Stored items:
··········
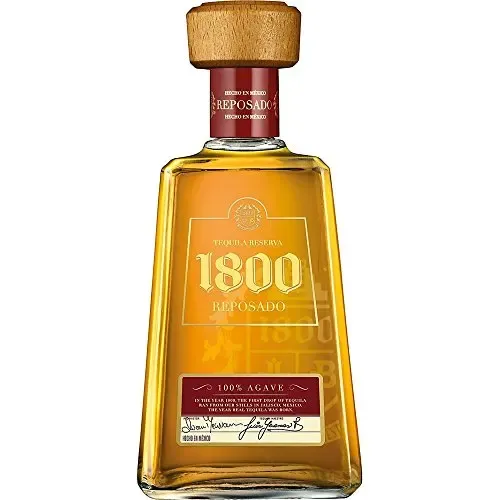 Tequila 1800 Reposado 38 ° 70 cl, free from Spain, Alcohol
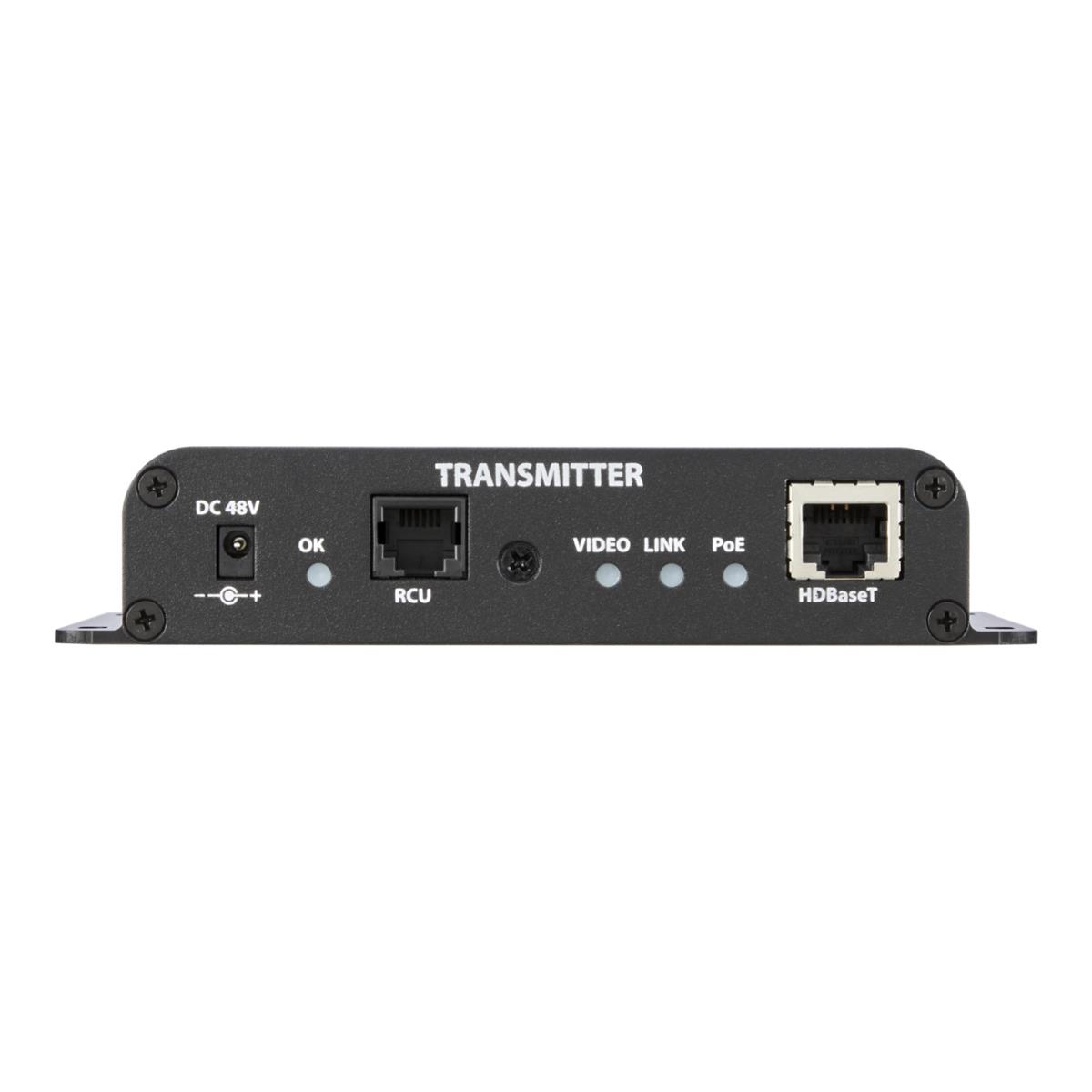 Extender Transmitter Copper CAT6 - Universal Video (4K 60Hz 4X2X0) thumbnail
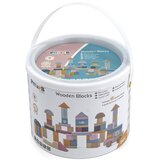 Viga Set od 60 drvenih geometrijskih oblika Polar B | Eponuda.ba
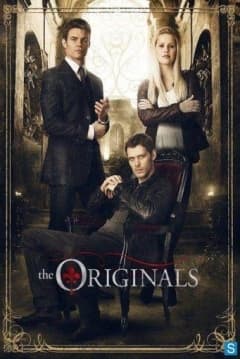 Serie The Originals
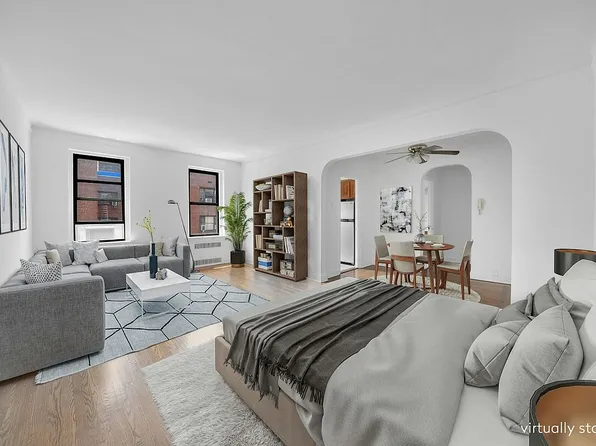 357 W 55th St APT 5C, Manhattan, NY 10019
··········
Could you transcribe all of the data exactly and omit the pictures?

 Tequila 1800 Reposado 38 ° 70 cl, free from Spain, Alcohol
 Extender Transmitter Copper CAT6 - Universal Video (4K 60Hz 4X2X0) thumbnail
 Viga Set od 60 drvenih geometrijskih oblika Polar B | Eponuda.ba
 Serie The Originals
 357 W 55th St APT 5C, Manhattan, NY 10019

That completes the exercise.